Bringing a ‘Brave New World’ to Today’s Stage; Theater: Fifteen years after staging the novel at CalArts, director Robert Benedetti is back with a more sophisticated production for the school’s 25th anniversary.;

By: LAWRENCE CHRISTON TIMES STAFF WRITER

How prophetic was Aldous Huxley’s 1936 novel “Brave New World”?

In his utopia, people took Soma to keep smiling through the day. We have Prozac. In his world, assigned identity was a cornerstone of function. In ours, social class and identity politics increasingly determine one’s place in the scheme of things. In his, surfeit was the index of well-being. In ours, the bumper tag smartly reads, “When the going gets tough, the tough go shopping.”

Like George Orwell’s “1984,” “Brave New World” is a tale foretold of the 20th Century’s various Faustian pacts with social engineering. Where “1984" looked East to the totalitarian state, “Brave New World” turned West and foresaw the tyranny of the pleasure principle.

“It’s become more and more relevant as time goes by,” said director Robert Benedetti, who is staging the production at CalArts with a student cast for two weekends, beginning Thursday.

“You have the movement toward the secular and away from spiritual values. You have the cult of personality. ‘Brave New World’ describes the ultimate consumer society, where everyone is trained to make use of manufactured goods as much as possible. And now that cloning and genetic engineering have passed beyond technical possibilities, we have an ethical quandary that’s only beginning to be addressed.”

*

The quandary that “Brave New World” envisions, ethical or not, has been addressed by Benedetti before. In 1980, to be exact, when he staged an environmental dramatization of the novel at CalArts, in one of the rare instances where Jules Fisher’s and Herbert Blau’s imaginative design of the school’s Modular Theater didn’t outstrip the imaginations of the artists working in it.

The theater’s continuous use of rising and falling platforms, and the appearance and disappearance of rooms in which the audience found and lost itself, offered an unnerving counterpoint to any official decrees from an immutable state. The permanent became impermanent. Identity dissolved in the vertigo of protest and plaint.
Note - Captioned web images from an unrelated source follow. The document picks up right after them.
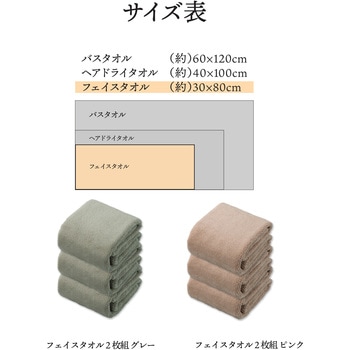 カラリデイ フェイスタオル シービージャパン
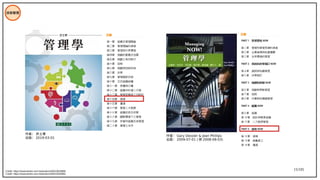 15/195
技術管理
Credit: https://www.books.com.tw/products/0010819896
Credit: https://www.books.com.tw/products/0010450965
作者： 許士軍
出版： 2019-03-01
作者： Gary Dessler & Jean Phillips
出版： 2009-07-01 ( 原 2008-08-03)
One’s assigned role led not to security but to despair, as in the case of Lenina Crown, for example, who knew only how to give pleasure, but wound up experiencing helplessness.

That 1980 production was one of the highlights of Benedetti’s 19-year tenure at CalArts (eight of them as dean of the theater department—he left in 1990 to work for Ted Danson’s film production company). And once the school began looking in earnest for ways to celebrate its 25th anniversary, restaging “Brave New World” seemed a natural.

As ingeniously mounted as it was then, Benedetti sees an even more sophisticated production now. “We have technology we didn’t 15 years ago,” he said during a lunch break at a Hollywood sound studio, where he’s directing the comedy special “Kelsey Grammer’s Affectionate Look at Fatherhood” for NBC.

“The sound is now computerized and digitalized. The scenes are more unified than before. And David Rosenboom, who’s dean of music, has written an original score. But the basic idea is the same, 18 minutes re-enacted five different times as the audience is cycled through.”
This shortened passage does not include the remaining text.